昨日の雨で茂みは滑りやすくなっていたのか、あろうことか桶の水がひっくり返った。

「わああああんレイちゃああああん」

「姉上!?大丈夫ですか!?」

いつになくあわてた様子のレイジ。

「シュウちゃんに水かけられたああ」

「シュウ!姉上に悪戯などなんということをしたのですか!」

「シュリー、ごめんなさい…でも僕だってわざとじゃないんだよ!泣かないで!」

シュウも自分も濡れたのに関わらず必死になる。

「意地の悪い…はあ、父上のところに行きましょう、姉上」

「ふええええ…ぐすっ…行くう〜」

そのとき、丁度屋敷の陰から誰かが出てきた。

「あっ、父上!」

レイジが声をかけるとうっすら笑った。

「おやおや、一体どうしたっていうんだい?シュリーとシュウ2人共びしょ濡れじゃないか」

「父様〜!シュウちゃんに水かけられたああ」

「でもわざとじゃないんです!ごめんなさい…」

「ふふっ、」

「父上?どうされたのですか?」

「いいじゃないか、気分転換だと思えば…そうだ、濡れてしまったのなら3人とも、プールで遊んでくればいい。

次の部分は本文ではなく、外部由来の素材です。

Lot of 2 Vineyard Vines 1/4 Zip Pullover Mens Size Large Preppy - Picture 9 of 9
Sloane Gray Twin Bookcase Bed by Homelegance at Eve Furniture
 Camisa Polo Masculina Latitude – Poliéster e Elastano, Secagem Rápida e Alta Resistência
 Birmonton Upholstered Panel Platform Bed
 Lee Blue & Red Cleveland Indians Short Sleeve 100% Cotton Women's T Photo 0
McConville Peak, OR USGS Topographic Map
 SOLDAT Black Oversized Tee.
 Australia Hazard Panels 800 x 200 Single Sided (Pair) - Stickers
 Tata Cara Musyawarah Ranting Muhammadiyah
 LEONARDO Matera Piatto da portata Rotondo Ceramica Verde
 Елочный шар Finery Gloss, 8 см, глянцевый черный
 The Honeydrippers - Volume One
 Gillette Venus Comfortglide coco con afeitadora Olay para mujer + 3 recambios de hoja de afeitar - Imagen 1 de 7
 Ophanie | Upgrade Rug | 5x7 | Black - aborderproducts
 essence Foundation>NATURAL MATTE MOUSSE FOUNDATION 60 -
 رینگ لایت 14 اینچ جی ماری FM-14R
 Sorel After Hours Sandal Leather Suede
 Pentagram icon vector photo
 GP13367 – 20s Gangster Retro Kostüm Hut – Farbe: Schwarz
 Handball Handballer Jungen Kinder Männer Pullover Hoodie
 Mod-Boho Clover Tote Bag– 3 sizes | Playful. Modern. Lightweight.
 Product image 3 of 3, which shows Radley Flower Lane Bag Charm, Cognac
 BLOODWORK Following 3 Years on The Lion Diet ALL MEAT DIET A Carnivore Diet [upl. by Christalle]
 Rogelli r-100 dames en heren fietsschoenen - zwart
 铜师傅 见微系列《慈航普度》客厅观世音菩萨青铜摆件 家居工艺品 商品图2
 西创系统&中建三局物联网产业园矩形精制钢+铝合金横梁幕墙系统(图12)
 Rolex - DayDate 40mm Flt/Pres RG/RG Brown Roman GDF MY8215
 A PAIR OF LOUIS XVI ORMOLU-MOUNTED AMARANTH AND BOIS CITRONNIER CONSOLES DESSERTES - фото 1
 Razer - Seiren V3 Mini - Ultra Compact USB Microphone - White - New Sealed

」

すっかり泣き止んだアタシはぱああっと笑顔を見せた。

「行く!ね、レイちゃん、シュウちゃん、行こ!」

そんなアタシを見て、2人もつられて笑う。

「うん!レイジも行こう!」

「仕方ないですね…ついて行くだけ行ってあげますよ」

3人は地下のプールへと駆け出した。